On the 11th of the same month, Gen. W. S. Harney, of the regular army, returning from Richmond, whither he had been taken as a prisoner, captured in Western Virginia, while on his way to Washington, assumed command of the Military Department of the West. His career was a brief one, practically culminating in a compact entered into, on the 21st, with Gen. Sterling Price, acting on behalf of the disloyal Governor of Missouri, to the effect that the whole responsibility and labor of maintaining peace and order in that State should be intrusted to the State authorities; while Gen. Harney, on his part, should make no military movements, and carefully avoid any acts tending to produce jealousy and excitement. It is needless to say that such an engagement never had the sanction of the President. It was definitely set aside by an order of the Adjutant General addressed to Harney, under date of May 27th, and a force was promptly put in the field, under command of Gen. Lyon.

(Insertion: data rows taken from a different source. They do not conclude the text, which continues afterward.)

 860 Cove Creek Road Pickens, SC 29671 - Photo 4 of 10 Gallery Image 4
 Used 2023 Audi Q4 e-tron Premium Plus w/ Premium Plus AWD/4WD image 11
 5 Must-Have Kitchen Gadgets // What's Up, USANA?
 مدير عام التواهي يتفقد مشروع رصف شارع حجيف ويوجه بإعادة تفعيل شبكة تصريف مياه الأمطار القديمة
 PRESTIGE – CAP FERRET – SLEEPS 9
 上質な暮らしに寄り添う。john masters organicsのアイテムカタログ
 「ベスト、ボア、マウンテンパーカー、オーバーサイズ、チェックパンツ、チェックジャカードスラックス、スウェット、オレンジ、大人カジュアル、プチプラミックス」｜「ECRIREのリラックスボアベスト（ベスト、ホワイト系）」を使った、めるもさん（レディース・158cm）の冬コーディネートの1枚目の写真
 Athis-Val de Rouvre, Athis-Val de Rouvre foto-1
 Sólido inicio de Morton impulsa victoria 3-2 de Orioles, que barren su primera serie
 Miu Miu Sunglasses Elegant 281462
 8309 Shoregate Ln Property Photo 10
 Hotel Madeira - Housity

Meanwhile, at Washington, since the free arrival of troops had commenced, the whole country south of the Potomac, except as explored by scouts, was little better than an unknown land. At Alexandria, a secession flag floated in sight of the Capital, while at Manassas Junction a threatening force was

gathering. It was not until the morning of the 24th of May that an advance into Virginia, by the forces under Gen. Mansfield, was deemed expedient. This movement, awakening great interest among the people, who had anticipated early and decisive results, and began already to weary of indispensable delay, had no further immediate purpose than the occupancy of Arlington Heights and Alexandria, for the greater security of Washington; for any more extended undertaking, this improvised army, as all now see after three years of war, was entirely inadequate, either in itself or in its appliances. An advance on Manassas Junction, at this time, was indeed discussed in official circles, but military opinions were decidedly against the undertaking, and the Department of Washington was not now enlarged.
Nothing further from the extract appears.